*About this task*
Restate all entries exactly.

*Data in this exercise*
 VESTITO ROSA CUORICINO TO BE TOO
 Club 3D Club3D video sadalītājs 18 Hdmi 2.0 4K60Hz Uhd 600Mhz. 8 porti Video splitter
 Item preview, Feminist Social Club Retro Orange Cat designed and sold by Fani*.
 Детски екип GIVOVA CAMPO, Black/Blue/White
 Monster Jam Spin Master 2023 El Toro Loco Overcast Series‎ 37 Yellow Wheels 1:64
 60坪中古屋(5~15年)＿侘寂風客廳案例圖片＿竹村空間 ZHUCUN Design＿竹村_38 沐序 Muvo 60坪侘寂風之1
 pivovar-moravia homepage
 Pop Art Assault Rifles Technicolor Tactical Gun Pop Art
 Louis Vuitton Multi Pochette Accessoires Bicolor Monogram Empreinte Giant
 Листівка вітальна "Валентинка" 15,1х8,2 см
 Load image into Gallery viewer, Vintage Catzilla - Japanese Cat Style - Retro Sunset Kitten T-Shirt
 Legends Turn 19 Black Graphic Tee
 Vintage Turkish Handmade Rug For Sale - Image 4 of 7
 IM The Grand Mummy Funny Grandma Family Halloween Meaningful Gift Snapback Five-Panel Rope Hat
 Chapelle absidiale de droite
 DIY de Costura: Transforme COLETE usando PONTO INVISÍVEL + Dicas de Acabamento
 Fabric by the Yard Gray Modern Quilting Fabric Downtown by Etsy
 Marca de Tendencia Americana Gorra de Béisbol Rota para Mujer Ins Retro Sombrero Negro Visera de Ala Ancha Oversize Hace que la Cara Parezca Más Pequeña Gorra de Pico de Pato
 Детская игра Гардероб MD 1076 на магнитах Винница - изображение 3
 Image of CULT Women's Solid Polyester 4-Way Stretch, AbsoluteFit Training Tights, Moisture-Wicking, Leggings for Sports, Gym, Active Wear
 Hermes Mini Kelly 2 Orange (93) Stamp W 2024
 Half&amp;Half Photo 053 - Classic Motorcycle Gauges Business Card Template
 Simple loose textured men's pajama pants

*Solution to the problem*
 VESTITO ROSA CUORICINO TO BE TOO
 Club 3D Club3D video sadalītājs 18 Hdmi 2.0 4K60Hz Uhd 600Mhz. 8 porti Video splitter
 Item preview, Feminist Social Club Retro Orange Cat designed and sold by Fani*.
 Детски екип GIVOVA CAMPO, Black/Blue/White
 Monster Jam Spin Master 2023 El Toro Loco Overcast Series‎ 37 Yellow Wheels 1:64
 60坪中古屋(5~15年)＿侘寂風客廳案例圖片＿竹村空間 ZHUCUN Design＿竹村_38 沐序 Muvo 60坪侘寂風之1
 pivovar-moravia homepage
 Pop Art Assault Rifles Technicolor Tactical Gun Pop Art
 Louis Vuitton Multi Pochette Accessoires Bicolor Monogram Empreinte Giant
 Листівка вітальна "Валентинка" 15,1х8,2 см
 Load image into Gallery viewer, Vintage Catzilla - Japanese Cat Style - Retro Sunset Kitten T-Shirt
 Legends Turn 19 Black Graphic Tee
 Vintage Turkish Handmade Rug For Sale - Image 4 of 7
 IM The Grand Mummy Funny Grandma Family Halloween Meaningful Gift Snapback Five-Panel Rope Hat
 Chapelle absidiale de droite
 DIY de Costura: Transforme COLETE usando PONTO INVISÍVEL + Dicas de Acabamento
 Fabric by the Yard Gray Modern Quilting Fabric Downtown by Etsy
 Marca de Tendencia Americana Gorra de Béisbol Rota para Mujer Ins Retro Sombrero Negro Visera de Ala Ancha Oversize Hace que la Cara Parezca Más Pequeña Gorra de Pico de Pato
 Детская игра Гардероб MD 1076 на магнитах Винница - изображение 3
 Image of CULT Women's Solid Polyester 4-Way Stretch, AbsoluteFit Training Tights, Moisture-Wicking, Leggings for Sports, Gym, Active Wear
 Hermes Mini Kelly 2 Orange (93) Stamp W 2024
 Half&amp;Half Photo 053 - Classic Motorcycle Gauges Business Card Template
 Simple loose textured men's pajama pants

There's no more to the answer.